Pembakaran membutuhkan periode beberapa waktu (tidak sebentar), sampai permukaan besi menjelma menjadi empuk. Pada saat besi sudah berubah lunak, dilanjutkan dengan penempaan berulang-ulang dengan palu raksasa. Berkat ketekunan sang penempa, besipun berubah wujud dari asalnya. Kini sebatang besi itu (yang sudah dibakar dan ditempa), mulai menampakkan diri menjadi sebilah keris.
Penampilan keris masih kusam tidak menarik, tentu tidak bakal dilirik oleh para kolektor. Maka keris jelek ini, kembali melalui proses sedemikian rupa untuk yang kedua kalinya. Agar keris yang belum bernilai, bisa tampil menjadi lebih menarik. Serangkaian proses panjang itulah, akhirnya membuat besi yang semua tak berharga, menjadi keris bernilai tinggi. Pun menjalani hidup jauh dari orang tua, tak ubahnya seperti proses besi dibakar dan ditempa menjadi keris.
Saya pernah merasakan, bagaimana pedihnya di awal jauh dari rumah. Mengelola perasaan kangen dan pengin pulang, menjadi tugas yang cukup menyita energi dan perasaan kala itu. Namun, beberapa bulan berselang, masalah itu bisa diatasi dengan sendirinya. Saat tiba waktunya pulang kampung, saya seperti mendapati sendiri, perbedaan cara pandang permasalahan. Beberapa teman sebaya yang  memilih tetap tinggal di rumah, tampak ragu-ragu saat mengambil sikap.
-00o00-
Bukan hanya anak sebagai perantau, pihak orang tua juga dituntut kuat (baca tega) melepaskan buah hati kesayangan. Kedua pihak (anak dan orang tua), musti saling merelakan diri untuk melepaskan dan dilepaskan.

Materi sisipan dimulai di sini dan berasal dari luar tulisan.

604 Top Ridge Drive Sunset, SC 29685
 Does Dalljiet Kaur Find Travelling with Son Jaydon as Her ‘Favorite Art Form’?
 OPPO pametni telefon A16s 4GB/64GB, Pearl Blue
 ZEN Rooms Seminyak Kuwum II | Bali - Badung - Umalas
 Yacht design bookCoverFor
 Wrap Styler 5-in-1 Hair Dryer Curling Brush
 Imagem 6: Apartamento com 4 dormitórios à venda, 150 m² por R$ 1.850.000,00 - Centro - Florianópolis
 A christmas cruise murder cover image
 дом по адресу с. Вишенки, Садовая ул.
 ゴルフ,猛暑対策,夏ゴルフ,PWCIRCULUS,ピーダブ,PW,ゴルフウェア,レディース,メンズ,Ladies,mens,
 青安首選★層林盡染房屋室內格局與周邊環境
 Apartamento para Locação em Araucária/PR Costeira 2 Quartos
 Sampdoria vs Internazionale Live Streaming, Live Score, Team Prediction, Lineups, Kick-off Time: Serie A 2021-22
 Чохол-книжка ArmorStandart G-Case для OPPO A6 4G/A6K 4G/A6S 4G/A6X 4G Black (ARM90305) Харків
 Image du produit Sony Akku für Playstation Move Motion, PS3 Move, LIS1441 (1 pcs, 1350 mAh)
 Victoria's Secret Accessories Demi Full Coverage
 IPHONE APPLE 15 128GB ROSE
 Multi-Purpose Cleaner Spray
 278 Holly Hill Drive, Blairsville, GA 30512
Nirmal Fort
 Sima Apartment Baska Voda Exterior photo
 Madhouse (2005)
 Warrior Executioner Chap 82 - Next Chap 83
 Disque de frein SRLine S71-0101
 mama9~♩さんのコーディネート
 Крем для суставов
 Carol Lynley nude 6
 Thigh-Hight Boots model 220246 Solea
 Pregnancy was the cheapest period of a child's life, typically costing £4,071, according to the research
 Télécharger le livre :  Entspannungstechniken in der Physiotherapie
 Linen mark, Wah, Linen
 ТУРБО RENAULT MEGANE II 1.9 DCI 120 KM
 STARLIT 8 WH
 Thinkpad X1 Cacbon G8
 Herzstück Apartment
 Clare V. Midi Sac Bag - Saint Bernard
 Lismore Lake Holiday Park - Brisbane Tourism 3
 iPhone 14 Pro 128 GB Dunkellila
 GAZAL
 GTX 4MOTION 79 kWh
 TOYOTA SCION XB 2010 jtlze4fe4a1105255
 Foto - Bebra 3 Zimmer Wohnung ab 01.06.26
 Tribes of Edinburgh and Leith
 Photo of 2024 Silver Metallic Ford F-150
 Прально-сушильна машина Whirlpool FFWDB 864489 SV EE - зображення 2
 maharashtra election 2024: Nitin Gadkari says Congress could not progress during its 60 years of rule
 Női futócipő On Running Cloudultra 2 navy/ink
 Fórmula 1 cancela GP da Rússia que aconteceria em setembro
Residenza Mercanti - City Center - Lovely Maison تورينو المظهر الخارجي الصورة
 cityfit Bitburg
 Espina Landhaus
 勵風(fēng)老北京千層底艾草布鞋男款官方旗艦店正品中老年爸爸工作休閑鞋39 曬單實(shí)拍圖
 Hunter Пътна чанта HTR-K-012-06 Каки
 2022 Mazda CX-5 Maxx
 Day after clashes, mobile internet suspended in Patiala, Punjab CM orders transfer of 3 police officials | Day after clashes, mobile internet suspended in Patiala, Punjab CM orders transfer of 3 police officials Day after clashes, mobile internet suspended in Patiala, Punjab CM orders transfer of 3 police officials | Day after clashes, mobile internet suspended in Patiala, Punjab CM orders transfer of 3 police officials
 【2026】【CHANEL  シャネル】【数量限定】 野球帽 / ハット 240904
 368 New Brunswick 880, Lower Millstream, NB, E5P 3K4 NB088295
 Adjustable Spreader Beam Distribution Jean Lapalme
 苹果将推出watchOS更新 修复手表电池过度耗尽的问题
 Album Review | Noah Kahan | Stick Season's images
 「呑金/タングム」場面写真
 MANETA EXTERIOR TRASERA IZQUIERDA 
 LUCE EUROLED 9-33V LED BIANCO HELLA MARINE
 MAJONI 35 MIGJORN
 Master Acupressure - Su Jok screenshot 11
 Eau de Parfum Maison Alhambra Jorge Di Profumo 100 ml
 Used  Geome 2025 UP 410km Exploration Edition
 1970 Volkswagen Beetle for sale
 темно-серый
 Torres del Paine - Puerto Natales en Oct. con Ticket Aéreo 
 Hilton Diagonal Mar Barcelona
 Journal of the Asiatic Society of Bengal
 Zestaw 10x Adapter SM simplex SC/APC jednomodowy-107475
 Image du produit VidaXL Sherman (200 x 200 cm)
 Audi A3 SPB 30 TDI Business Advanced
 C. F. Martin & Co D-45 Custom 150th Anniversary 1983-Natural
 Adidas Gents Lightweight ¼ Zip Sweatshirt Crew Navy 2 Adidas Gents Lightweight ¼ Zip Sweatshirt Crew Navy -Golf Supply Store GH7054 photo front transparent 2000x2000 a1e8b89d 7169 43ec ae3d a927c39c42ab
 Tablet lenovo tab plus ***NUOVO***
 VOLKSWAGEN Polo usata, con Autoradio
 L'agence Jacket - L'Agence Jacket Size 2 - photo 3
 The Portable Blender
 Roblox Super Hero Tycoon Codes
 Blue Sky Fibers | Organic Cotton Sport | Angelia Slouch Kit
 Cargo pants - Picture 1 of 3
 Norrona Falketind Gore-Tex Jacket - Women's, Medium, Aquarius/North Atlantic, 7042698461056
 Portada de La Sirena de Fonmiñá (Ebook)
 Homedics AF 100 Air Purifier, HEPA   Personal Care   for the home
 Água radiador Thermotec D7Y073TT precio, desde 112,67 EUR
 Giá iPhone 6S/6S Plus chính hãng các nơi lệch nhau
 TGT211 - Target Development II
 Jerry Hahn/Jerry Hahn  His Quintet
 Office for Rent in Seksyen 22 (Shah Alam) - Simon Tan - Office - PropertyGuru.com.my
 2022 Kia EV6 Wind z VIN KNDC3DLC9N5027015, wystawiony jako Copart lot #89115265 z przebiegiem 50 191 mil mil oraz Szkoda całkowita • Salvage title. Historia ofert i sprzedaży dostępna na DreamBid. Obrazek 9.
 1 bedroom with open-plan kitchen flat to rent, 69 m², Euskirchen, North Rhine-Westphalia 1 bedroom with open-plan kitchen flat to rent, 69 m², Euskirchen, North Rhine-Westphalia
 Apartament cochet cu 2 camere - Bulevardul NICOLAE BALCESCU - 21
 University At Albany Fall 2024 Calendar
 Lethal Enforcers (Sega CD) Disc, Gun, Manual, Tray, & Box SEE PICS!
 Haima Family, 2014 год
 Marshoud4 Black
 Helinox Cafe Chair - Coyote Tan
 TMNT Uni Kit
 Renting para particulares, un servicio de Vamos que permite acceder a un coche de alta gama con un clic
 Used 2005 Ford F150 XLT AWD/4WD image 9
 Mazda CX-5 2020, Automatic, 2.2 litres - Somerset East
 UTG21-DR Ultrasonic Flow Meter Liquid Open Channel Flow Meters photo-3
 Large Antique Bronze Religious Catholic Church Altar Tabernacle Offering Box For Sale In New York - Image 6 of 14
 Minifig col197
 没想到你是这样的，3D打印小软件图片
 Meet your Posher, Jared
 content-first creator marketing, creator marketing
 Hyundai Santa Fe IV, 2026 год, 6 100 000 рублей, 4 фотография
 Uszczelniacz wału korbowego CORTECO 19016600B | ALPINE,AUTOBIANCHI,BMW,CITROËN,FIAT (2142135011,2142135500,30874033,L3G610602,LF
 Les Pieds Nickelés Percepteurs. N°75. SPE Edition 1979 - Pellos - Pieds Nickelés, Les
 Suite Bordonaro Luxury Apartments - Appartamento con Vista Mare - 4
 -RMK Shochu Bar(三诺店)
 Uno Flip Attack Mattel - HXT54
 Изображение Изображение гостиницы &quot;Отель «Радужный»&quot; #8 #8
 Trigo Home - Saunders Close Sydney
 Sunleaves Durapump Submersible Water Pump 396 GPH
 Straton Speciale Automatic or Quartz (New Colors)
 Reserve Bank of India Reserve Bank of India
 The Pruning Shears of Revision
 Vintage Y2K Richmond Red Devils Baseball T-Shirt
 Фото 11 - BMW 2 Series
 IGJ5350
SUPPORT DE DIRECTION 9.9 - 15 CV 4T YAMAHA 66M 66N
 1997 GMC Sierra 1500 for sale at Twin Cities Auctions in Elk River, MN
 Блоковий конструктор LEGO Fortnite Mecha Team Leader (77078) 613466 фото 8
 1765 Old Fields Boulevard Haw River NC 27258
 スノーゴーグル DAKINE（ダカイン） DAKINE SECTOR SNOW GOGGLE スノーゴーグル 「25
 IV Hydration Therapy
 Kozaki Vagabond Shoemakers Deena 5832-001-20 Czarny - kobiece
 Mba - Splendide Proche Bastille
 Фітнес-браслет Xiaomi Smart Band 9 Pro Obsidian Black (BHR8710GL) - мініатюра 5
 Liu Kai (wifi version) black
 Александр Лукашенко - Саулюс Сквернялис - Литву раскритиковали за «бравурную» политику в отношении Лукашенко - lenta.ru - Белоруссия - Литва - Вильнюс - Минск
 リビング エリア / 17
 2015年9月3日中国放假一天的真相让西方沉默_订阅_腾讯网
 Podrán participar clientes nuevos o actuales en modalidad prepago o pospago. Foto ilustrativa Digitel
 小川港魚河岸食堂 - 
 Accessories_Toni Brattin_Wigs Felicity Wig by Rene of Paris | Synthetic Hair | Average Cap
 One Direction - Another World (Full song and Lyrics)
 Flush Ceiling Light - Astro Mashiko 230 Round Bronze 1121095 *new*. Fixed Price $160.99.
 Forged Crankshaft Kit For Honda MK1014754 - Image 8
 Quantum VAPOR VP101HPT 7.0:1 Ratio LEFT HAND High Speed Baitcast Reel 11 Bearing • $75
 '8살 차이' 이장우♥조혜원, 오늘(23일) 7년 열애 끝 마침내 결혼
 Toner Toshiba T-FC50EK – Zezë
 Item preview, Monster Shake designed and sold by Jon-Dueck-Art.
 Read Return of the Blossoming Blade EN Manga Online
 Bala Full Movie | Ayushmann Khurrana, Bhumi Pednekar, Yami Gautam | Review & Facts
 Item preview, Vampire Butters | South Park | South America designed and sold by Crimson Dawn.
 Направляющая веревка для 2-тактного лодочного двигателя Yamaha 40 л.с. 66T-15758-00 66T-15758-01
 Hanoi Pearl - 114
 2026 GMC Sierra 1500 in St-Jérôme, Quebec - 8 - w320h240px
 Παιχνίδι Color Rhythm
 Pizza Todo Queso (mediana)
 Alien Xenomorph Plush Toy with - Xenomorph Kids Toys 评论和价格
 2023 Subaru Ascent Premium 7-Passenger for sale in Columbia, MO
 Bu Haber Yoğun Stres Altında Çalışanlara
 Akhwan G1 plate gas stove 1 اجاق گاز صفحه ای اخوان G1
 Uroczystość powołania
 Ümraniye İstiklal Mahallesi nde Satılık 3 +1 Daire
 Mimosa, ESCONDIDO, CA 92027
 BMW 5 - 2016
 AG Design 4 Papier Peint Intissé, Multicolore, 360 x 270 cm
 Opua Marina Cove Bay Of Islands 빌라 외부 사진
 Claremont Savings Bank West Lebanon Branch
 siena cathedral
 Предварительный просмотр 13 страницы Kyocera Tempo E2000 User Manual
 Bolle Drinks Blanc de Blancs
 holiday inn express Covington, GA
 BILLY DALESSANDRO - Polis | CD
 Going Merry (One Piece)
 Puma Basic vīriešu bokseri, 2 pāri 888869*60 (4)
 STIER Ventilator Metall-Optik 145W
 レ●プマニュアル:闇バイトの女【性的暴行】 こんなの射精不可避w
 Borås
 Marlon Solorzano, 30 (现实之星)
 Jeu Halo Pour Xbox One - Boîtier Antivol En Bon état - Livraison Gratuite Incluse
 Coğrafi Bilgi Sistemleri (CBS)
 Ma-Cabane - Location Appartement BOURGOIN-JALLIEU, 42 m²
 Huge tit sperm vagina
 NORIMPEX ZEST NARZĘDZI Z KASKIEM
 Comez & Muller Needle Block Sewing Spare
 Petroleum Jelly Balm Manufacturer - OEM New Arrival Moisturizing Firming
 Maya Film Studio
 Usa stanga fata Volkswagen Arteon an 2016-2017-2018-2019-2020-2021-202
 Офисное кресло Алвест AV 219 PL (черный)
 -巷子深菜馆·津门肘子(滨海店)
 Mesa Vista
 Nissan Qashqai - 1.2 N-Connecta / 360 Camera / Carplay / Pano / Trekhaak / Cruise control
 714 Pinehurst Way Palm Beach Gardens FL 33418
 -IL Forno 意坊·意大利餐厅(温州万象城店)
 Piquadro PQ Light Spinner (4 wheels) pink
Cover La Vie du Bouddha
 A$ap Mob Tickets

Kalau dibuat sinetron, saya yakin scene hari pertama di Pondok, bisa dibilang cukup mengharu biru. Orang tua mendekap si anak, sambil membisikkan pesan dan pengharapan. Meski sedih tapi tidak ditampakkan, kami berusaha komit untuk tegar (satu sama lain)
"Saling mendoakan anak dan atau orang tua, menjadi obat manjur penawar kangen,"tambah ustad.
Perpisahan dengan anak di hari pertama mondok, (selain sedih) menyimpan harapan besar. Kami berjanji, saling mendoakan di ruang yang berbeda. Melalui perantara doa pengharapan pula, niscaya orang tua dan anak sanggup melewati hari panjang ke depan. Bahwa keputusan berpisah (sementara), dilakukan demi kebaikan di kemudian hari.